Cerebrospinal fluid and plasma biomarker trajectories with increasing amyloid deposition in Alzheimer's disease

Affiliations

Cerebrospinal fluid and plasma biomarker trajectories with increasing amyloid deposition in Alzheimer's disease

Sebastian Palmqvist et al. EMBO Mol Med. 2019 Dec.

Abstract

Failures in Alzheimer's disease (AD) drug trials highlight the need to further explore disease mechanisms and alterations of biomarkers during the development of AD. Using cross-sectional data from 377 participants in the BioFINDER study, we examined seven cerebrospinal fluid (CSF) and six plasma biomarkers in relation to β-amyloid (Aβ) PET uptake to understand their evolution during AD. In CSF, Aβ42 changed first, closely followed by Aβ42/Aβ40, phosphorylated-tau (P-tau), and total-tau (T-tau).
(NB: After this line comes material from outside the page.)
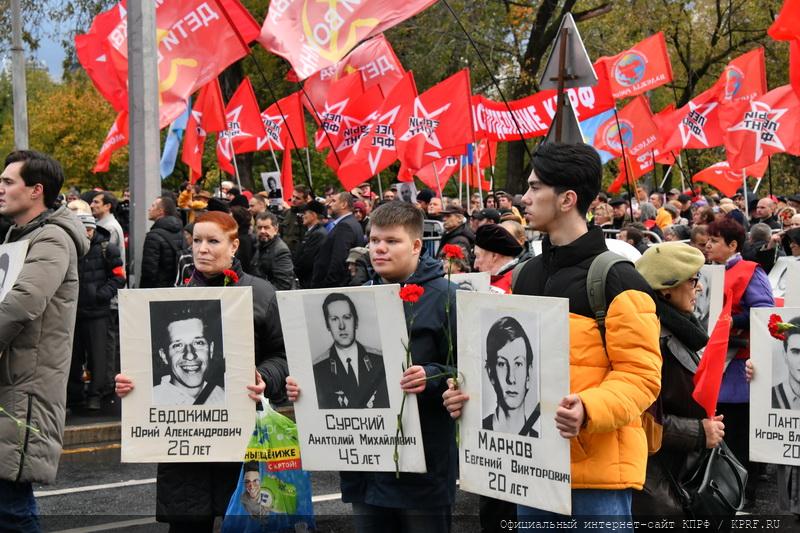 Нет и не может быть срока давности для преступлений против своего народа!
CSF neurogranin, YKL-40, and neurofilament light increased after the point of Aβ PET positivity. The findings were replicated using Aβ42, Aβ40, P-tau, and T-tau assays from five different manufacturers. Changes were seen approximately simultaneously for CSF and plasma biomarkers. Overall, plasma biomarkers had smaller dynamic ranges, except for CSF and plasma P-tau which were similar. In conclusion, using state-of-the-art biomarkers, we identified the first changes in Aβ, closely followed by soluble tau. Only after Aβ PET became abnormal, biomarkers of neuroinflammation, synaptic dysfunction, and neurodegeneration were altered. These findings lend in vivo support of the amyloid cascade hypotheses in humans.

Keywords: Alzheimer disease; amyloid positron emission tomography; cerebrospinal fluid biomarkers; plasma biomarkers.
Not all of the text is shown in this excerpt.